BEGIN SUPPLIED DATA

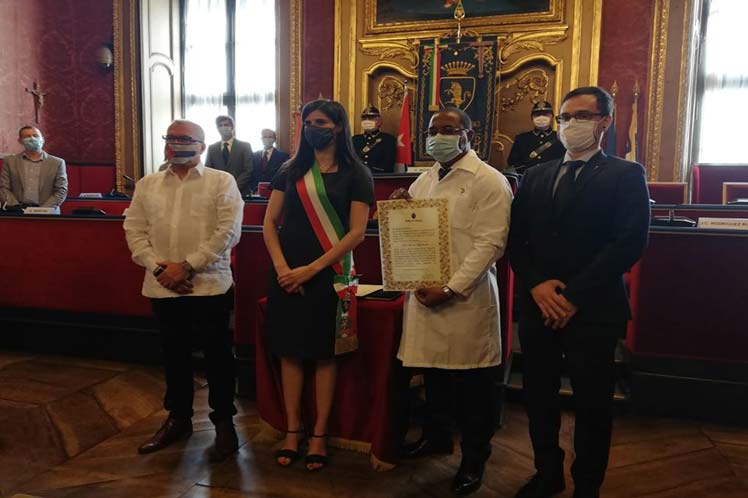 Le chef de la brigade médicale cubaine obtient la citoyenneté honoraire de la ville de Turin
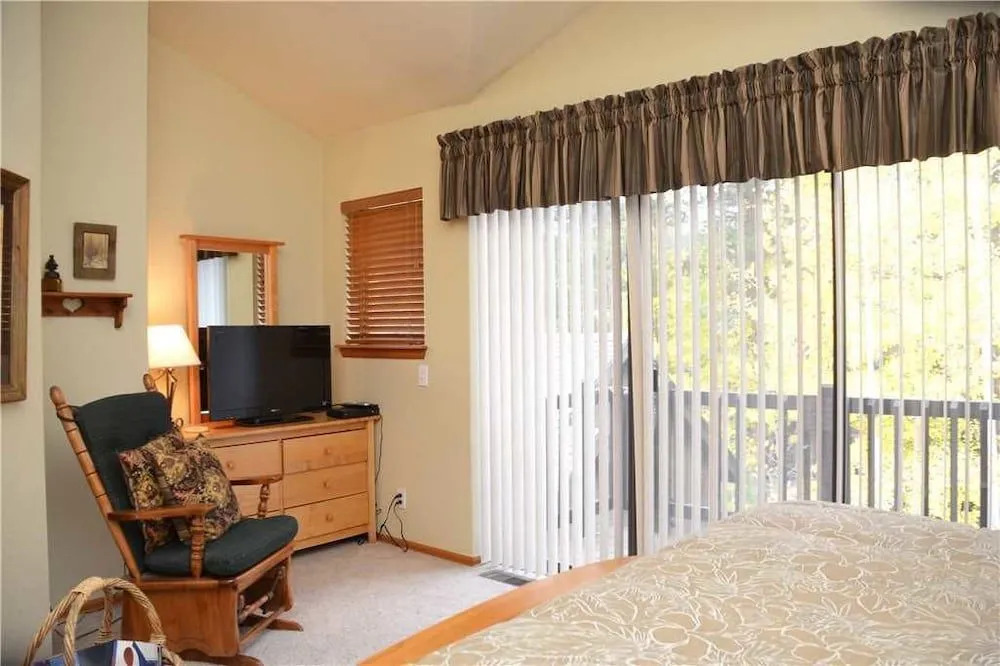 Village Point 202 by Great Western Lodging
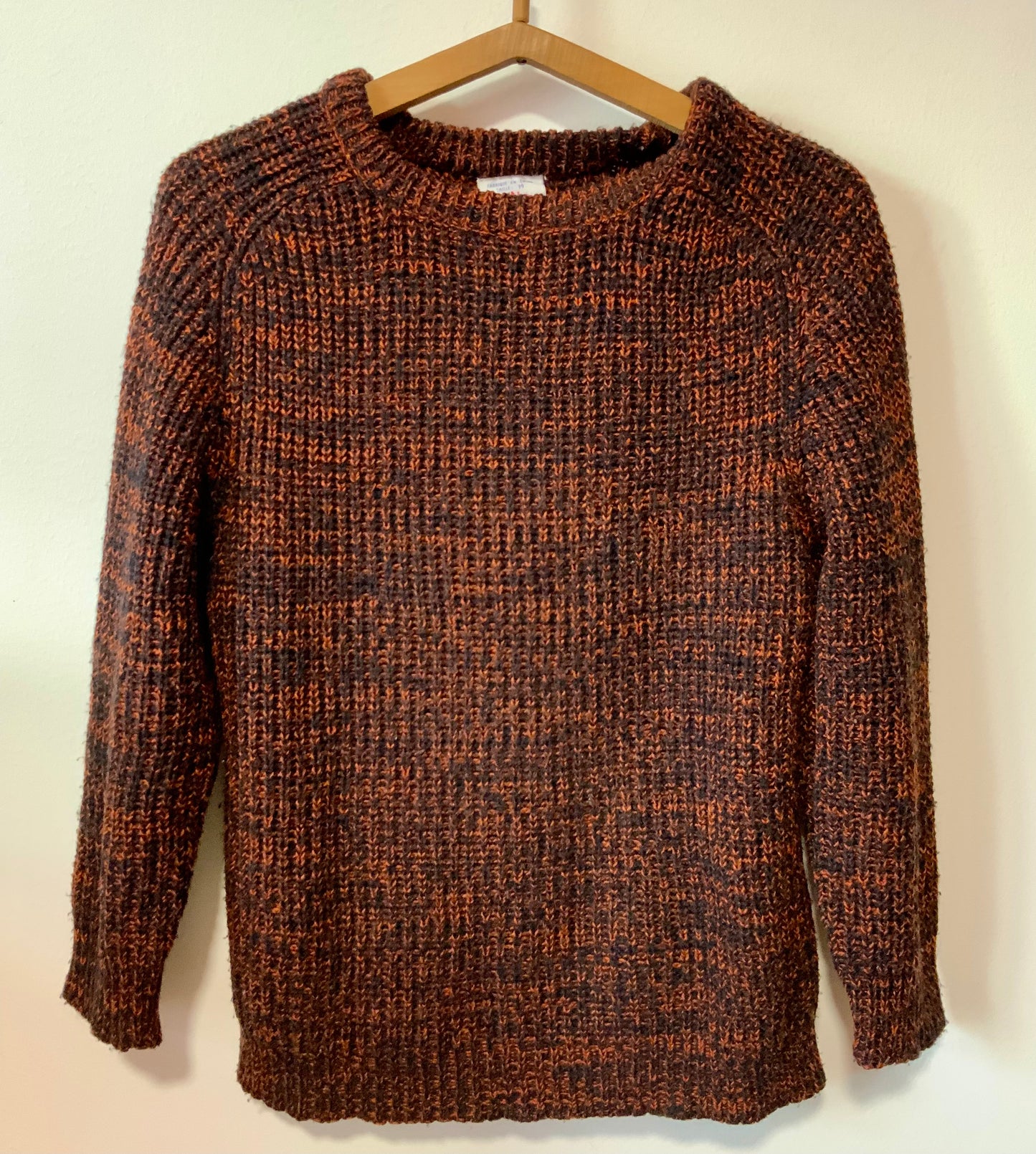 Pull noir à mailles côtelées Chinées orange Vintage 1980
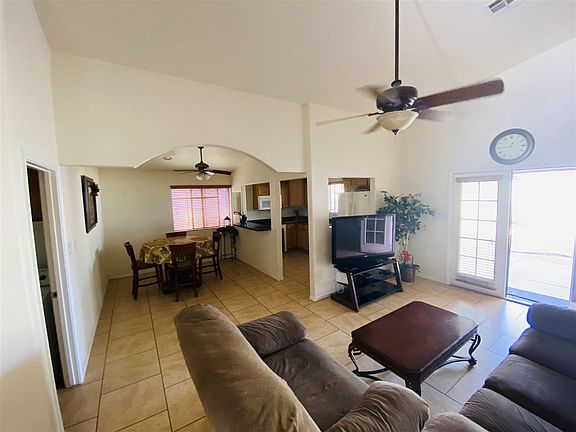 2nd image of 1458 E Los Olivos Dr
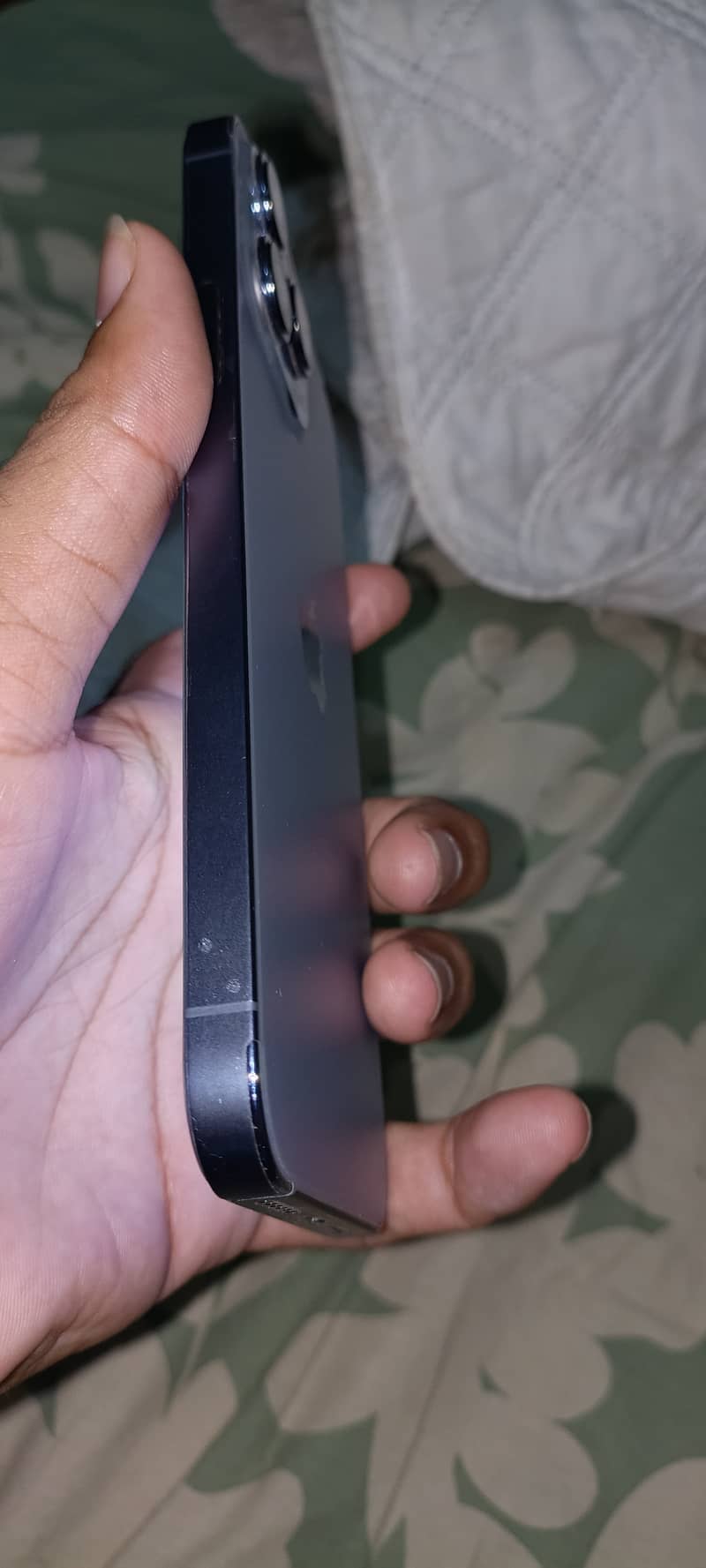 Apple iPhone 13 Pro Max 8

END SUPPLIED DATA

ACTIVITY: In the copy, no pictures are to appear; write out exactly the lines from the one containing "2nd image of 1458 E Los Olivos Dr" through the end of the listing above and no further lines.

RESPONSE TO THE TASK:
 2nd image of 1458 E Los Olivos Dr
 Apple iPhone 13 Pro Max 8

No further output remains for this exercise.